■ Work to be completed: After finding the line with "New High Quality" in the entries below, retype exactly each line from there through the line with "Túi xách đeo", including that final line.

■ Listed records:
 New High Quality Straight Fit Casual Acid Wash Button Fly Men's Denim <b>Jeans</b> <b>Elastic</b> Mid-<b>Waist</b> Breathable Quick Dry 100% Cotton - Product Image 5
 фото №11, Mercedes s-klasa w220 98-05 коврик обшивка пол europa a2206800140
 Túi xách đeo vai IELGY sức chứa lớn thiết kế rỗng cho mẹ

==

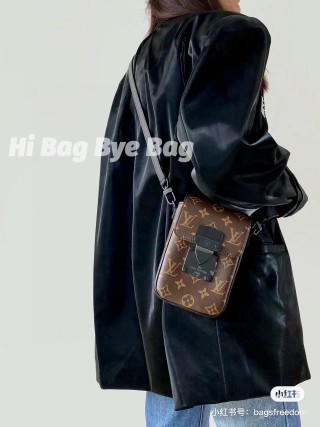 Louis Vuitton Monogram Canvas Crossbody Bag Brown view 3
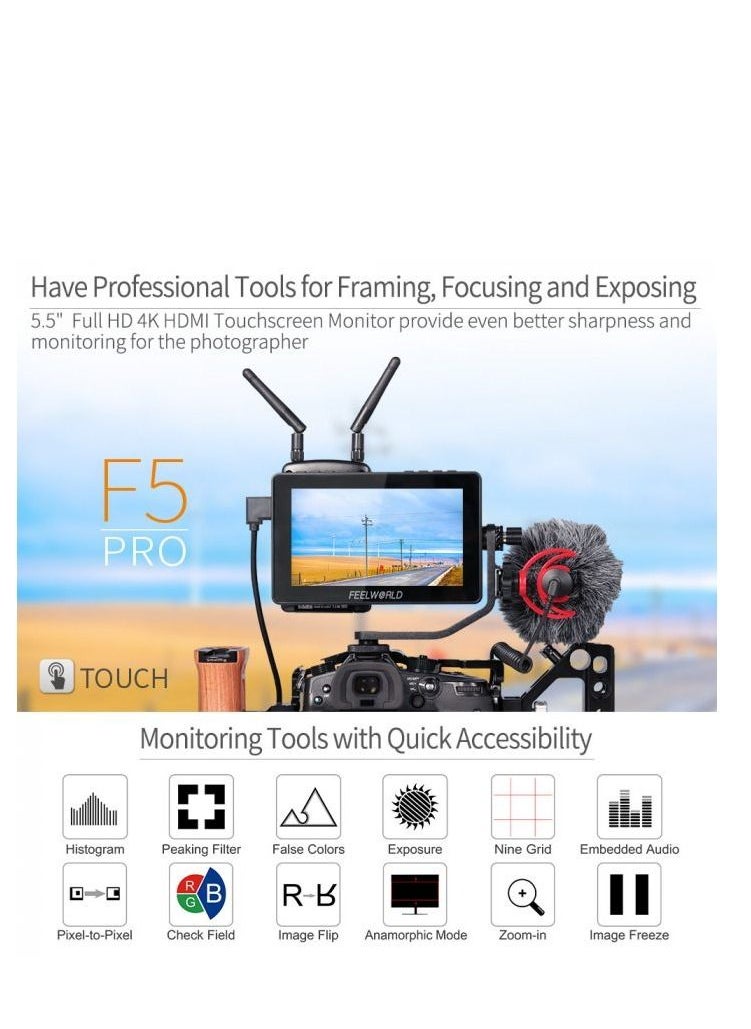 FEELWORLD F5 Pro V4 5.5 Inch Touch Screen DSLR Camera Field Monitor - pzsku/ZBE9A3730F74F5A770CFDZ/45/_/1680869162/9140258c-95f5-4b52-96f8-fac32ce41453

■ Result for this exercise:
 New High Quality Straight Fit Casual Acid Wash Button Fly Men's Denim <b>Jeans</b> <b>Elastic</b> Mid-<b>Waist</b> Breathable Quick Dry 100% Cotton - Product Image 5
 фото №11, Mercedes s-klasa w220 98-05 коврик обшивка пол europa a2206800140
 Túi xách đeo vai IELGY sức chứa lớn thiết kế rỗng cho mẹ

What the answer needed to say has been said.